++++ Data shown ++++
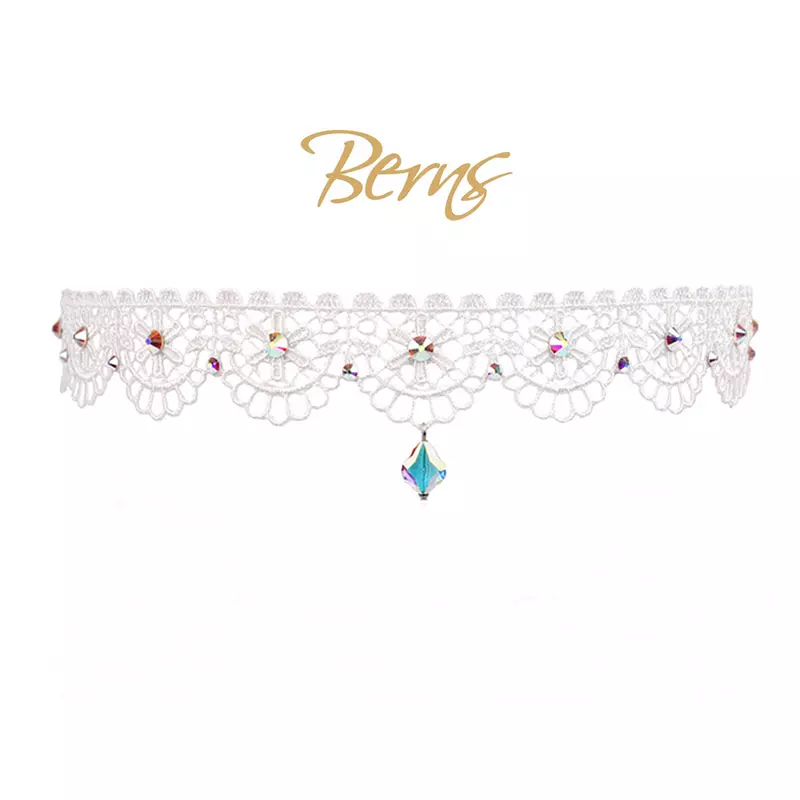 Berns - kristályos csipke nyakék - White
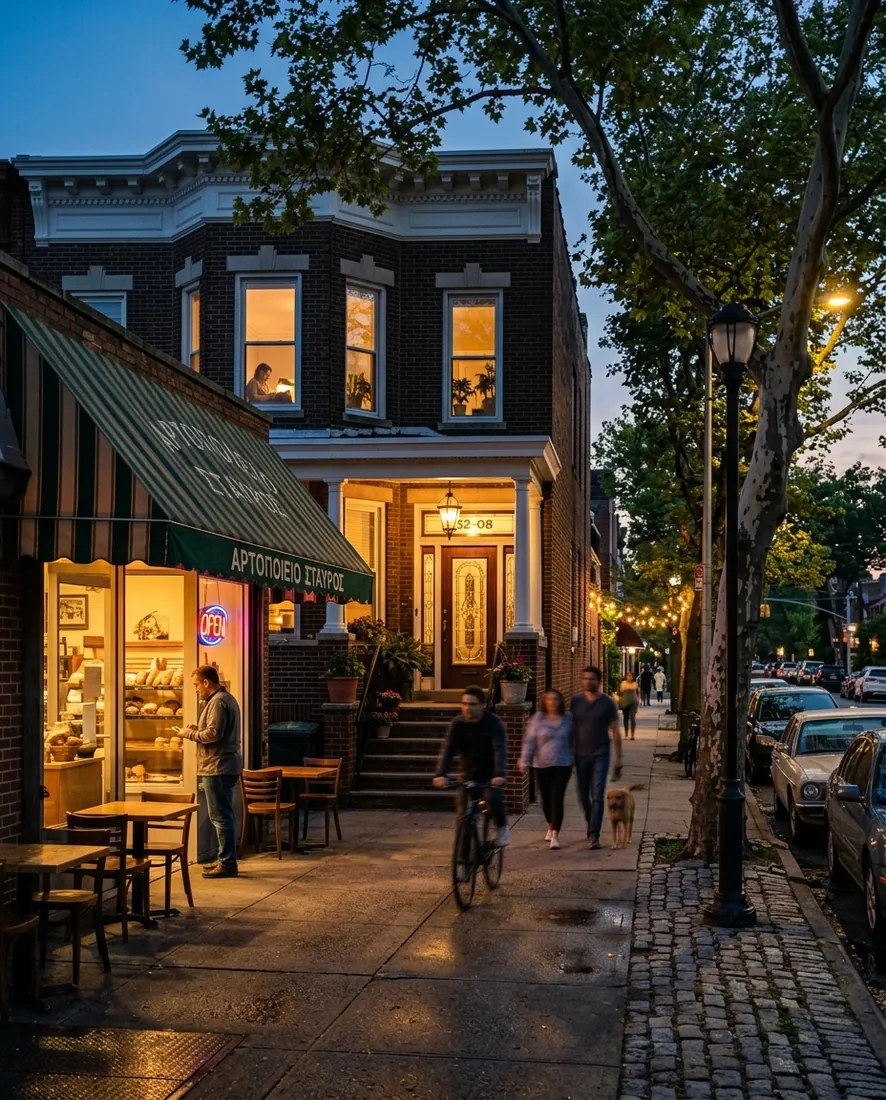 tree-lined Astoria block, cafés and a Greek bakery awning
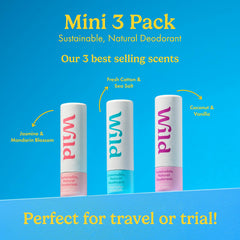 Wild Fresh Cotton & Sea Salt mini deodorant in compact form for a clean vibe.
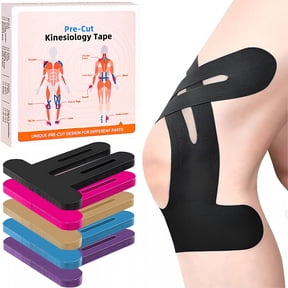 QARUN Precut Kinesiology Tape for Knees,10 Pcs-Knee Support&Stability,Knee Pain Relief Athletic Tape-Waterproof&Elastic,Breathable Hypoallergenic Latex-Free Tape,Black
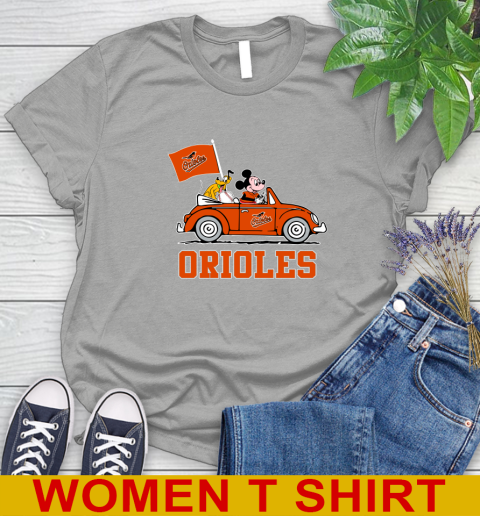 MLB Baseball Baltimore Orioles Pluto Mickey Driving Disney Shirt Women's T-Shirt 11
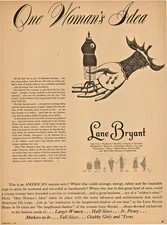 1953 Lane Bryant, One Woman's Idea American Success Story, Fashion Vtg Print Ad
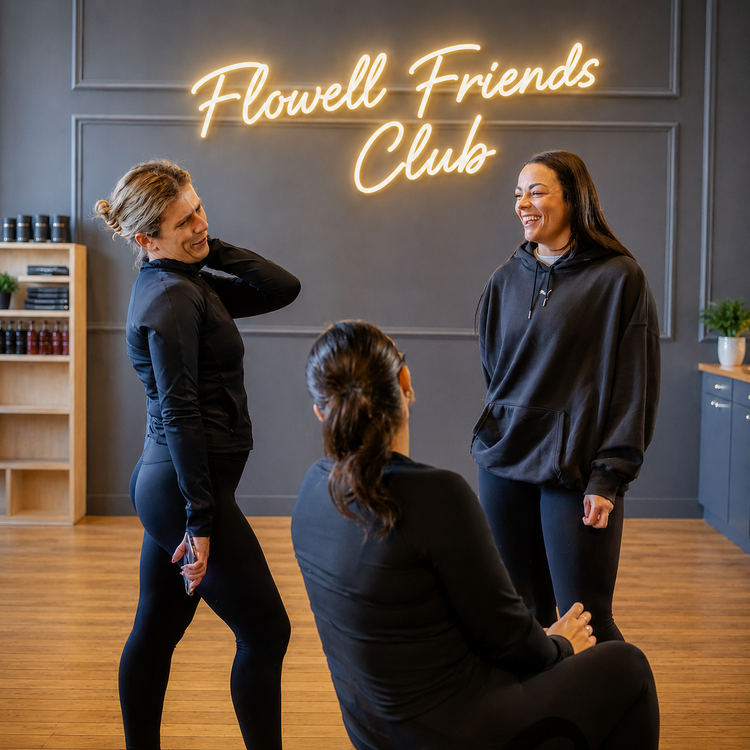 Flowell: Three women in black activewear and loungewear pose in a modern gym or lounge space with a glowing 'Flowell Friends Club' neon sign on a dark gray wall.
++++
● What is expected
Excluding the pictures, restate word for word the lines from the one that holds "1953 Lane Bryant, One" through the last line of the entries, both ends included.

● Output for this exercise
 1953 Lane Bryant, One Woman's Idea American Success Story, Fashion Vtg Print Ad
 Flowell: Three women in black activewear and loungewear pose in a modern gym or lounge space with a glowing 'Flowell Friends Club' neon sign on a dark gray wall.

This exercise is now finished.